◆ AIM OF THE TASK ◆
Print out the data exactly, keeping every image out of it.

◆ Source data ◆
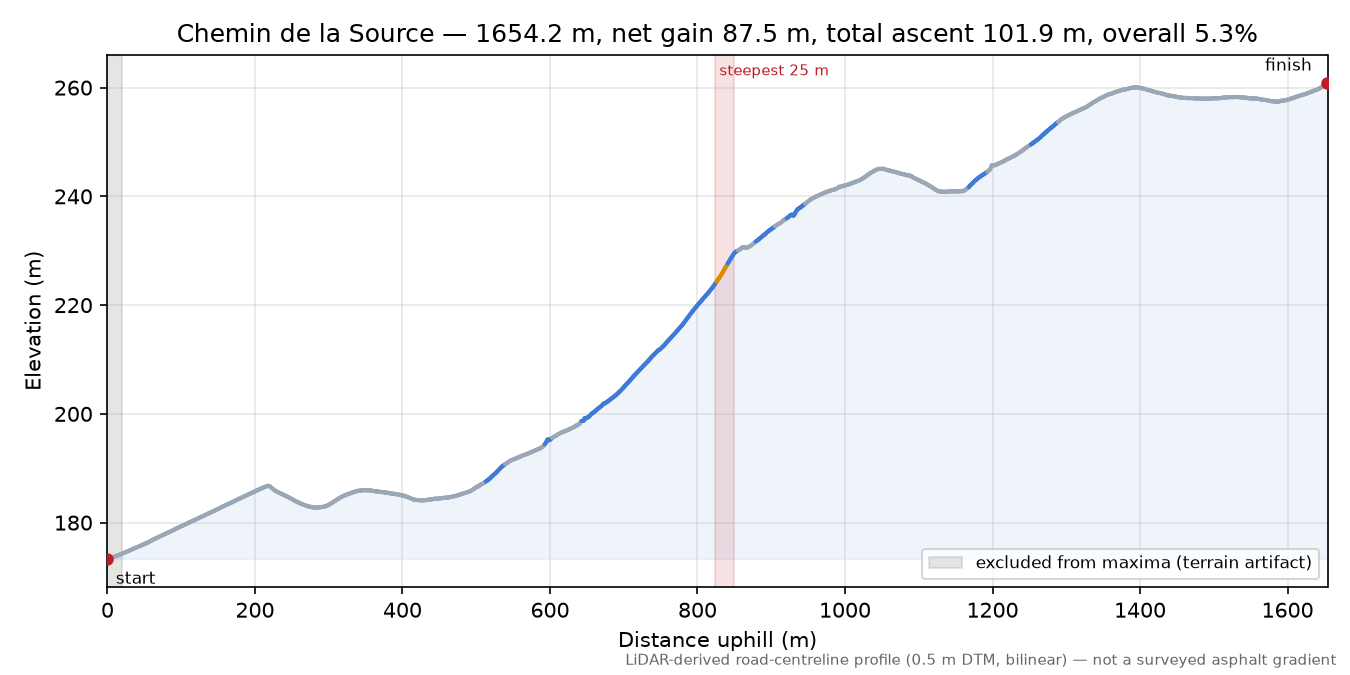 Chemin de la Source elevation profile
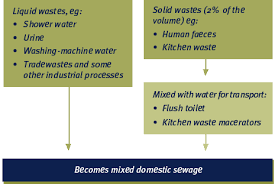 At this point the wastewater looks relatively clear. 2 Wastewater What Is It Ministry For The Environment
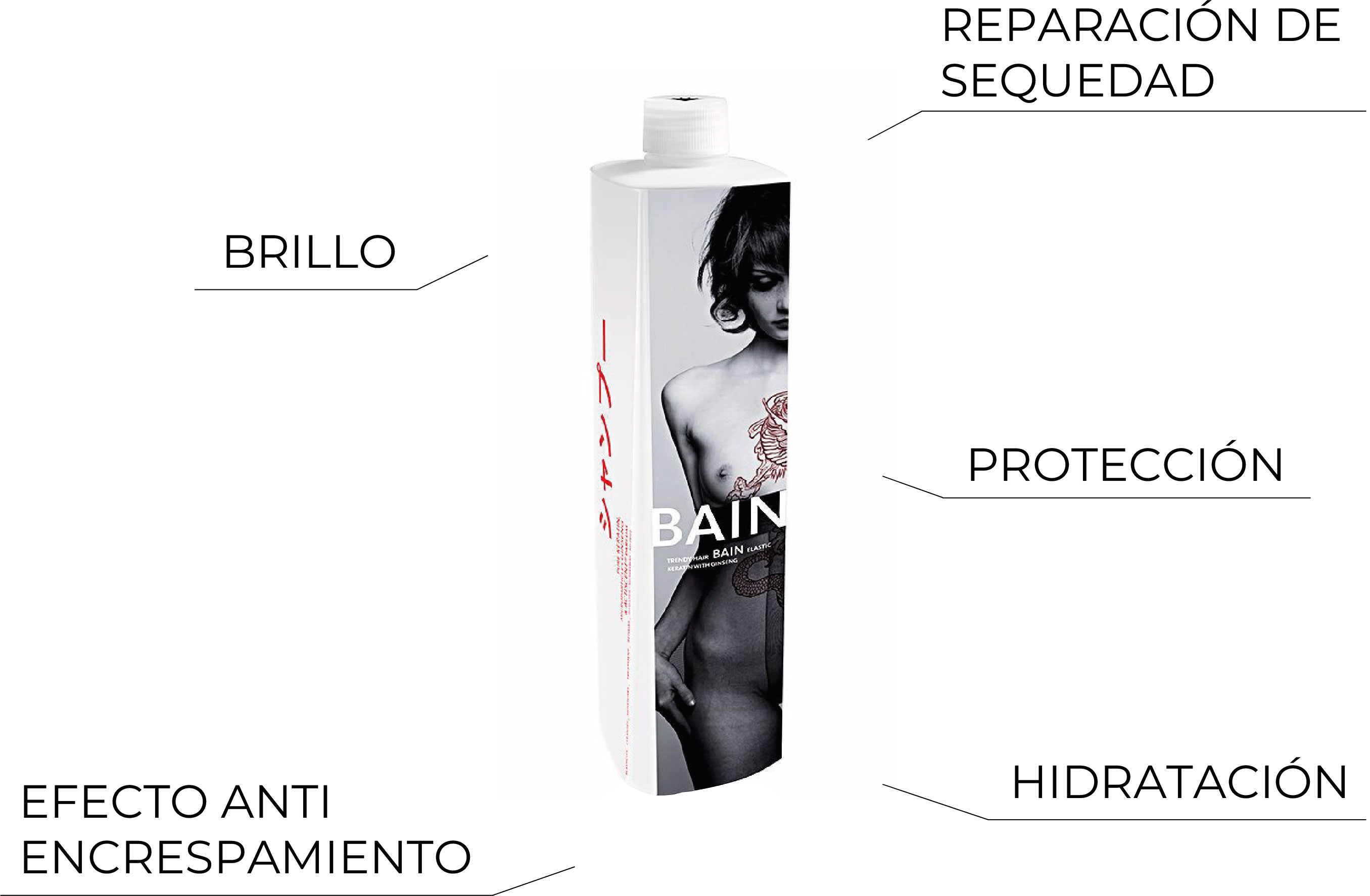 Champú bain elastic de Trendy Hair para cabello seco y dañado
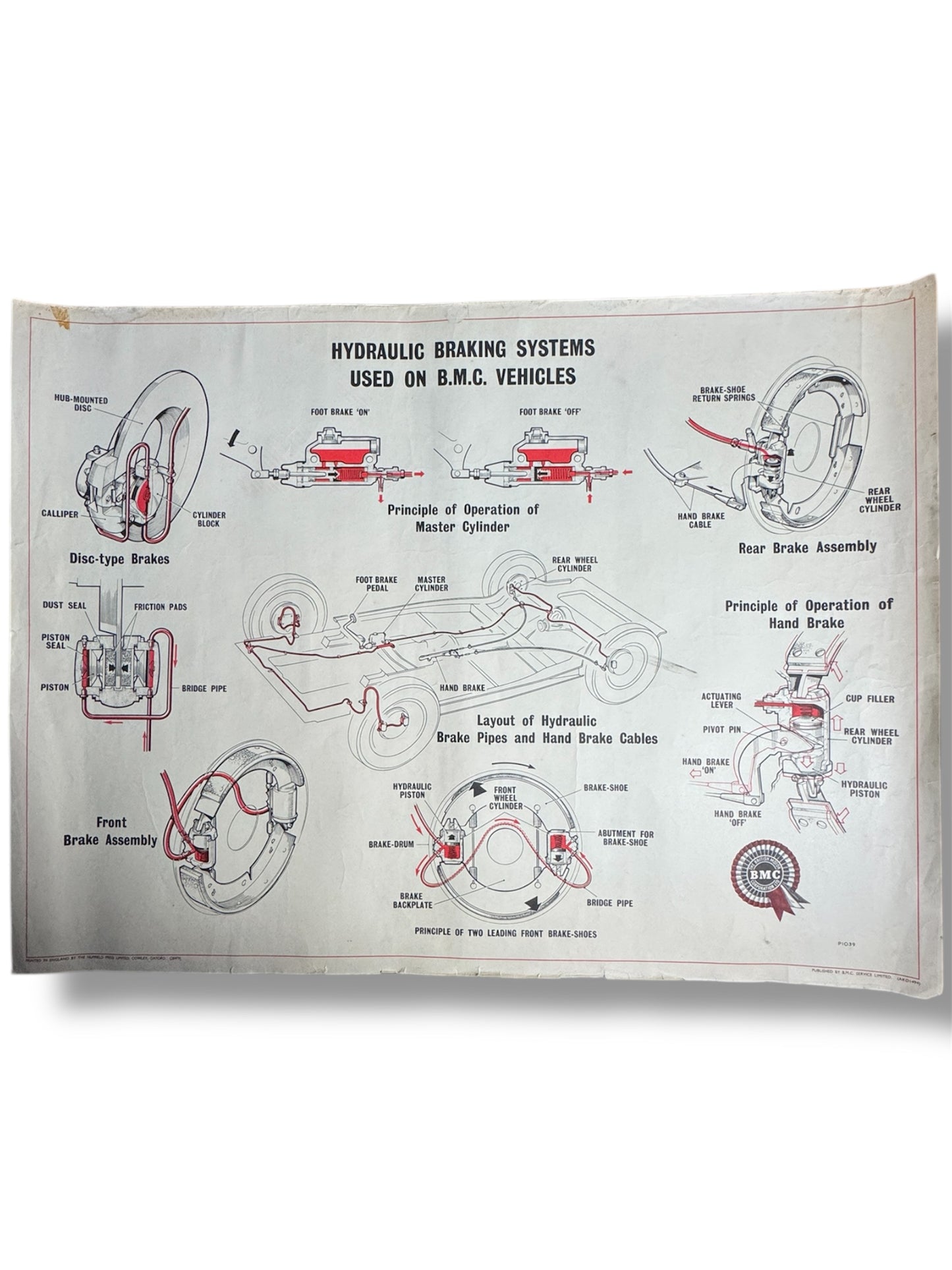 B.M.C. British Motor Corporation Educational Poster Circa 1950s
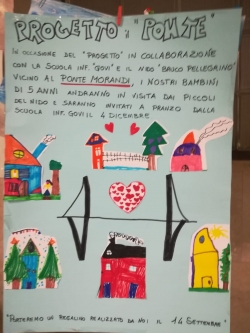 immagine galleria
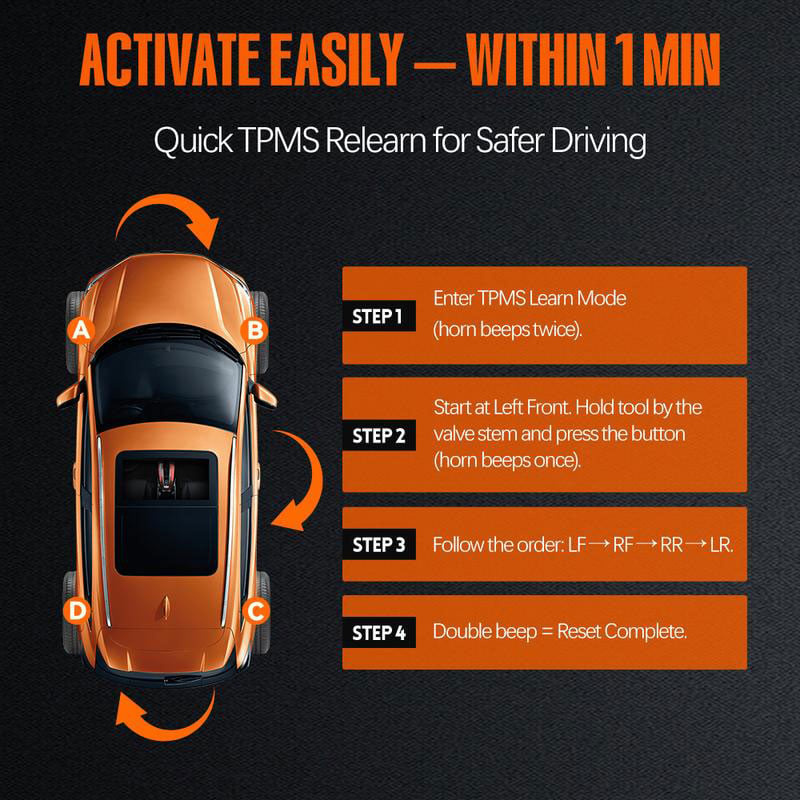 PressuraTech – GM Tire Pressure Monitor Reset Tool – image 2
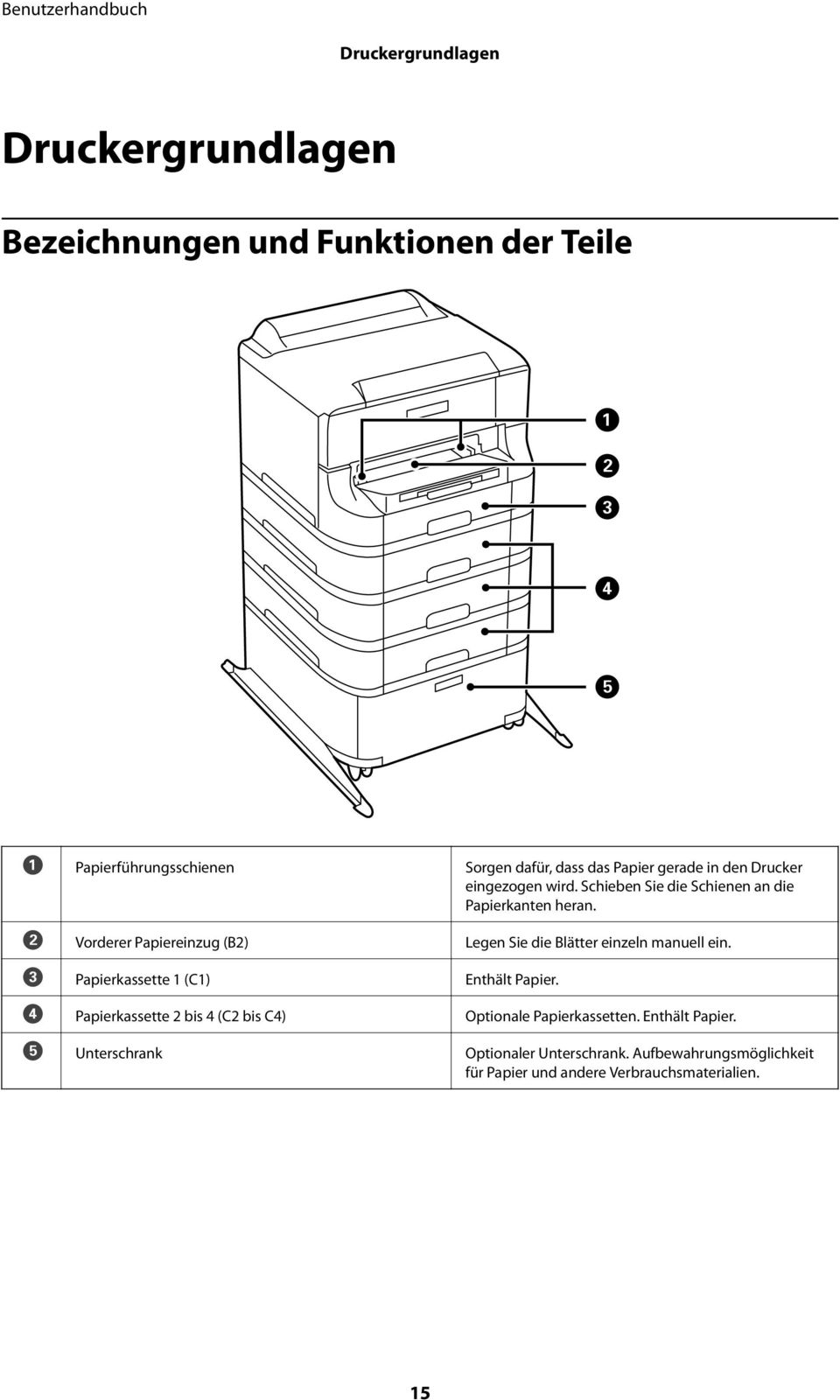 B Vorderer Papiereinzug (B2) Legen Sie die Blätter einzeln manuell ein. C Papierkassette 1 (C1) Enthält Papier.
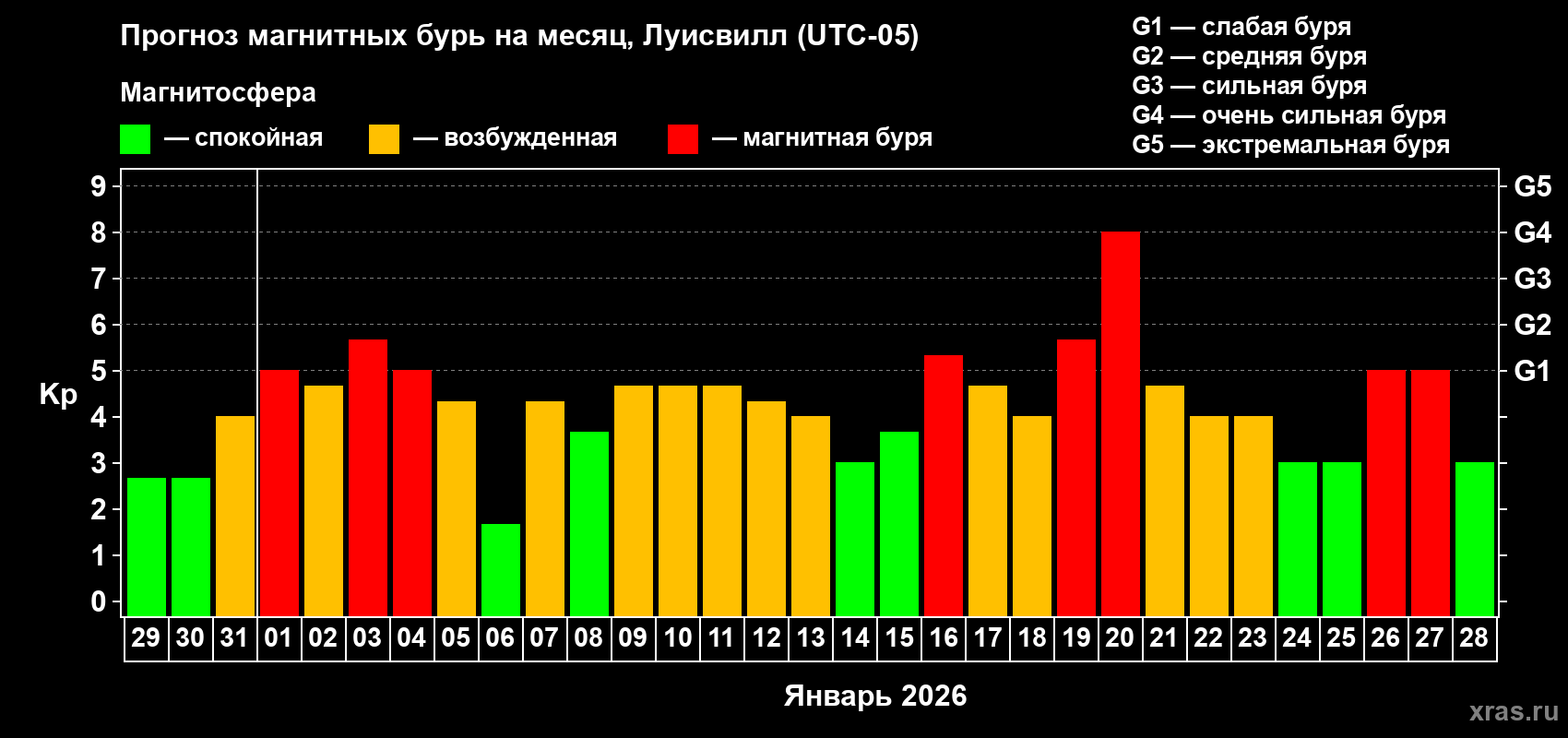 Прогноз максимального суточного геомагнитного индекса&nbsp;Kp на <b>1 месяц</b> (31 день) <b>с 29 декабря 2025 г по 28 января 2026 г</b>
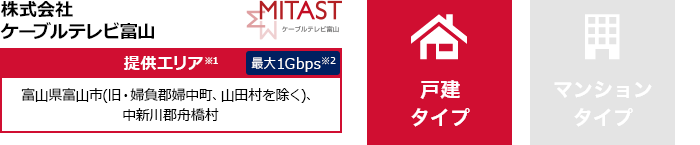 株式会社ケーブルテレビ富山【提供エリア】富山県富山市(旧・婦負郡婦中町、山田村を除く)、中新川郡舟橋村 最大1Gbps　【戸建タイプ】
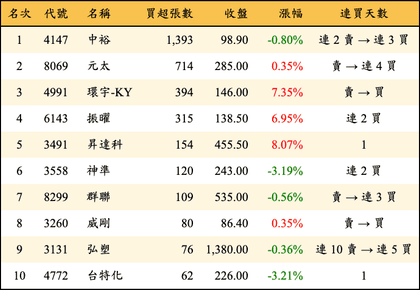 上櫃：投信當日買超張數排行榜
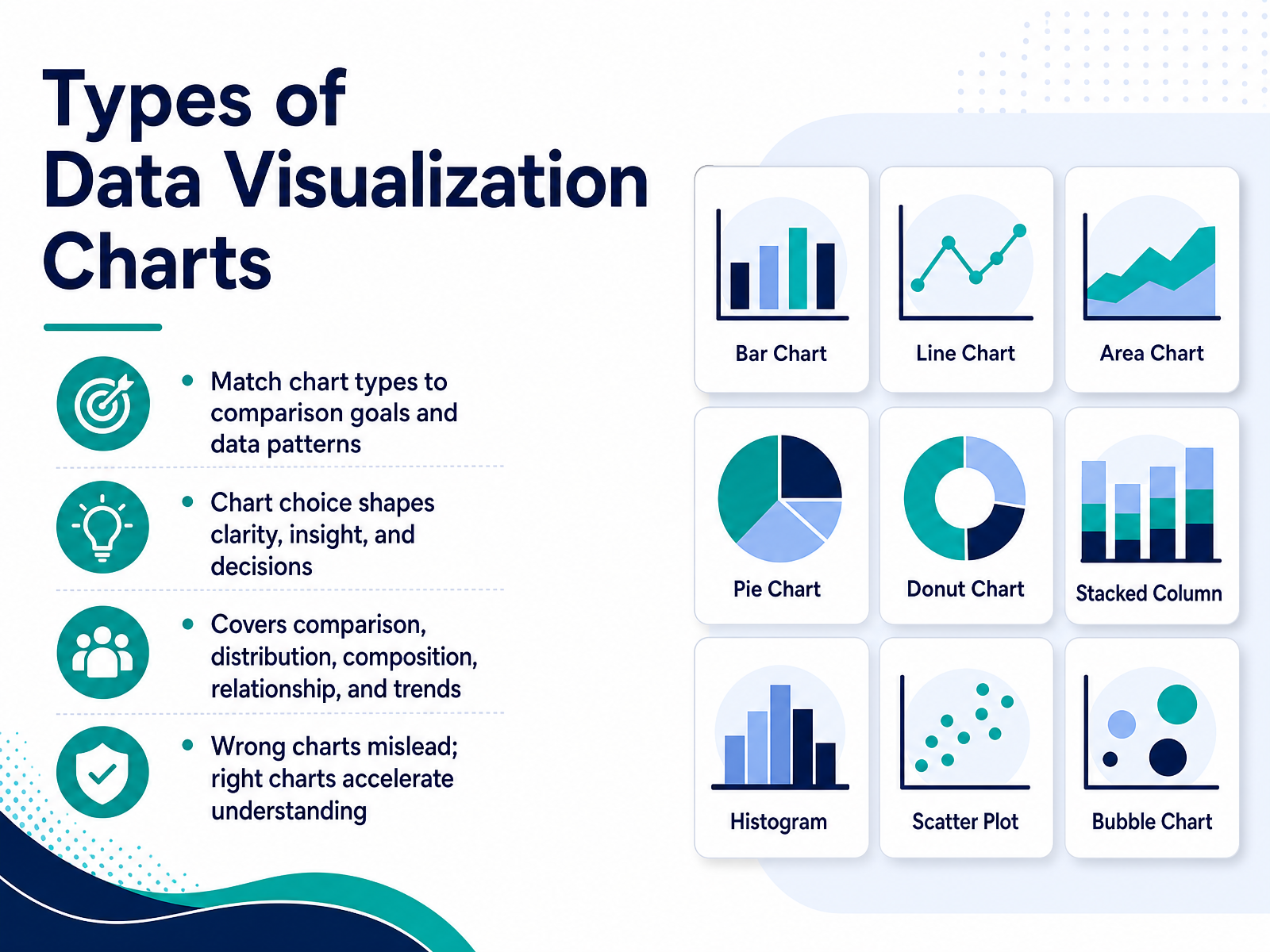Data Visualization Chart Types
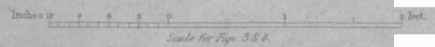 Fire screens Plate LXXVI 417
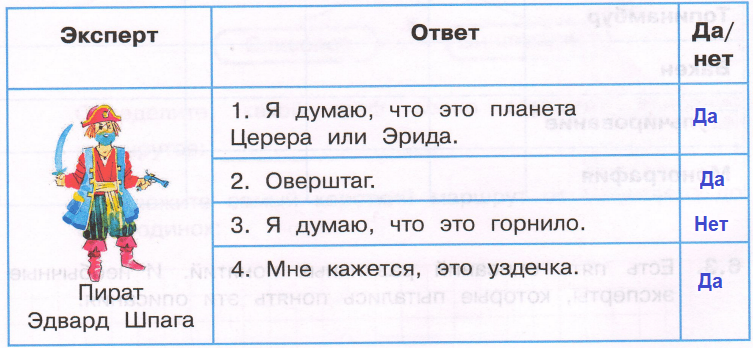 Решение рисунок 1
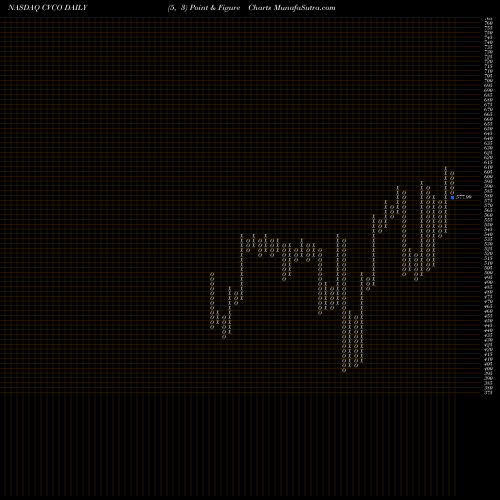 Free Point and Figure charts Cavco Industries, Inc. CVCO share NASDAQ Stock Exchange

◆ TASK ANSWER ◆
 Chemin de la Source elevation profile
 At this point the wastewater looks relatively clear. 2 Wastewater What Is It Ministry For The Environment
 Champú bain elastic de Trendy Hair para cabello seco y dañado
 B.M.C. British Motor Corporation Educational Poster Circa 1950s
 immagine galleria
 PressuraTech – GM Tire Pressure Monitor Reset Tool – image 2
 B Vorderer Papiereinzug (B2) Legen Sie die Blätter einzeln manuell ein. C Papierkassette 1 (C1) Enthält Papier.
 Прогноз максимального суточного геомагнитного индекса&nbsp;Kp на <b>1 месяц</b> (31 день) <b>с 29 декабря 2025 г по 28 января 2026 г</b>
 株式会社ケーブルテレビ富山【提供エリア】富山県富山市(旧・婦負郡婦中町、山田村を除く)、中新川郡舟橋村 最大1Gbps　【戸建タイプ】
 上櫃：投信當日買超張數排行榜
Data Visualization Chart Types
 Fire screens Plate LXXVI 417
 Решение рисунок 1
 Free Point and Figure charts Cavco Industries, Inc. CVCO share NASDAQ Stock Exchange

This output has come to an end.